#### Source records
*** Block opens ***

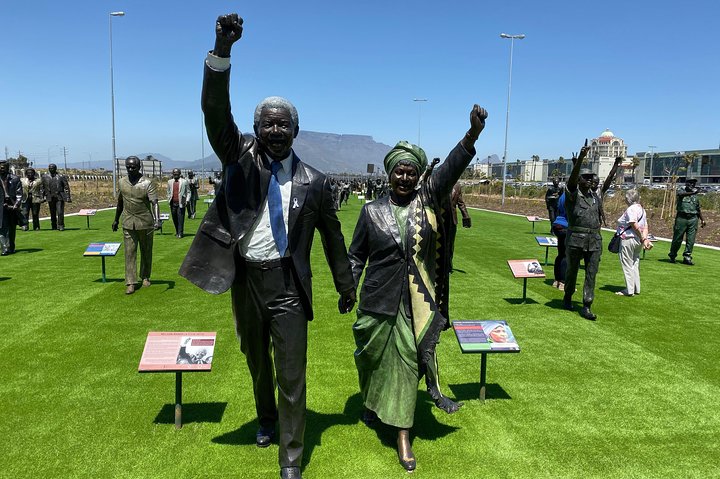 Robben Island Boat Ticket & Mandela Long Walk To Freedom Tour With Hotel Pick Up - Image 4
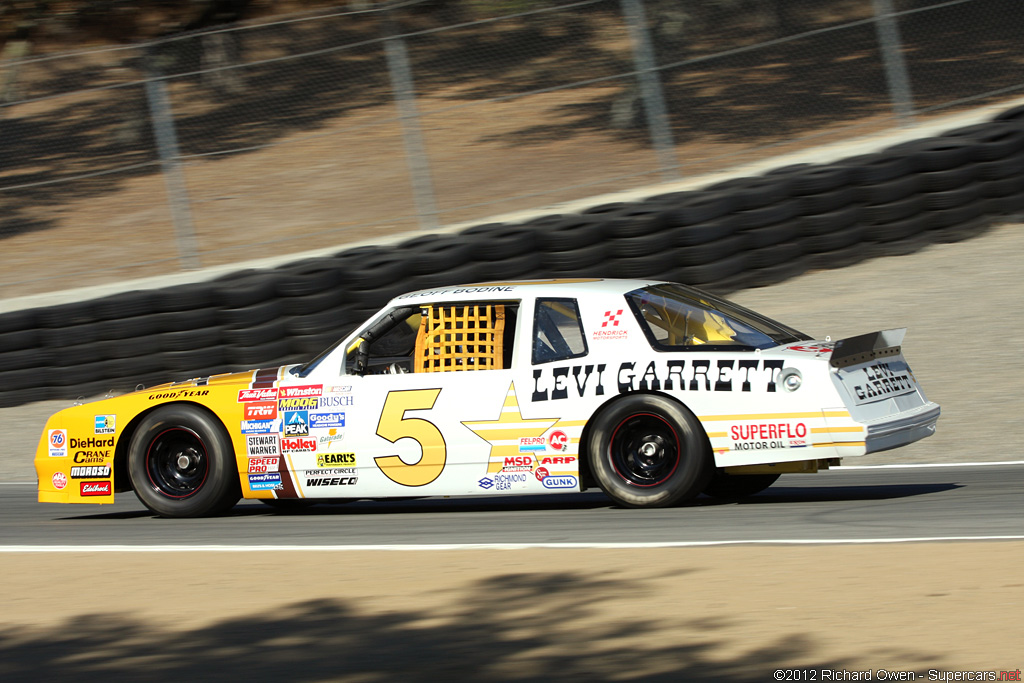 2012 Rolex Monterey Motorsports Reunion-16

*** Block closes ***
*** Block opens ***

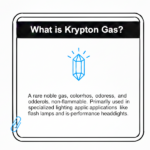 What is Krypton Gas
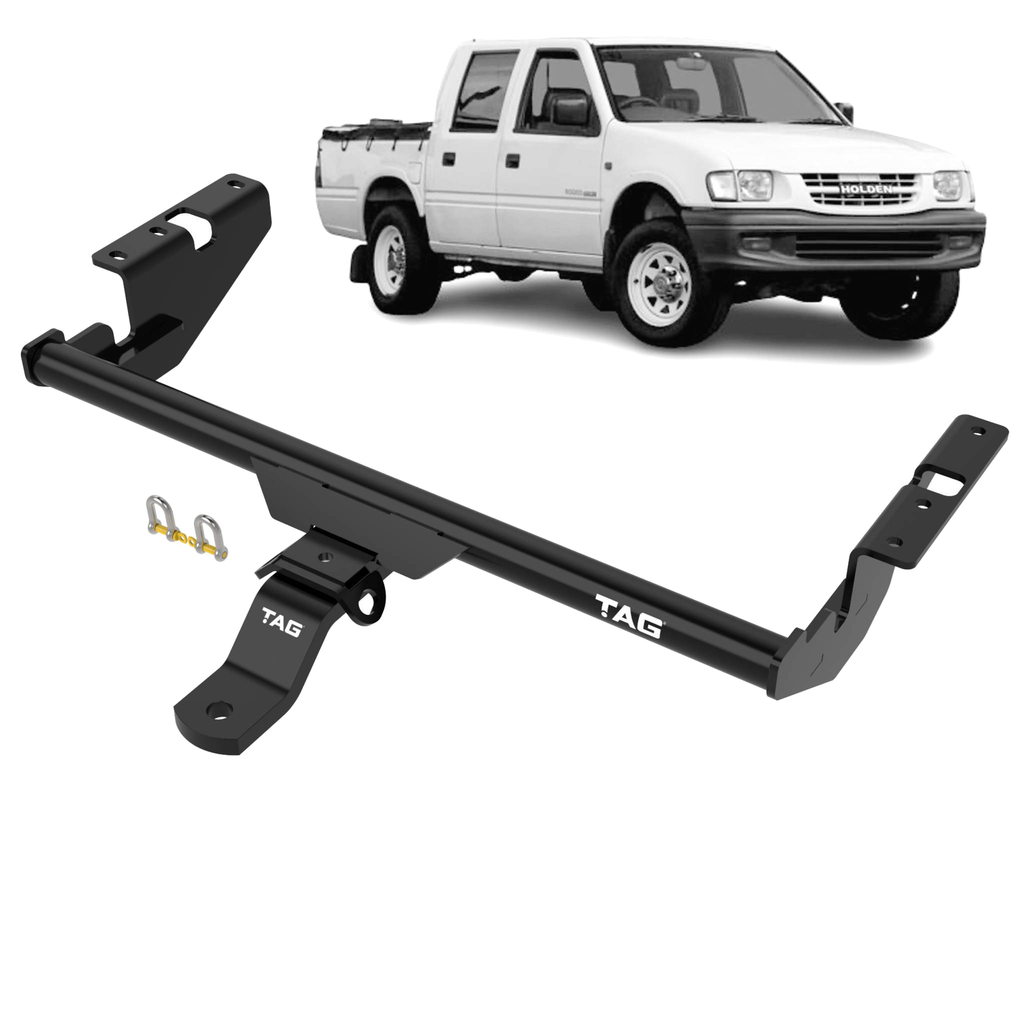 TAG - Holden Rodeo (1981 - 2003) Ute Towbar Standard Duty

*** Block closes ***

#### What you are asked to do
Return exactly the stretch above whose first line contains "What is Krypton Gas" and whose last line contains "TAG - Holden", and nothing outside it. The pictures should not appear.

#### Task answer
 What is Krypton Gas
 TAG - Holden Rodeo (1981 - 2003) Ute Towbar Standard Duty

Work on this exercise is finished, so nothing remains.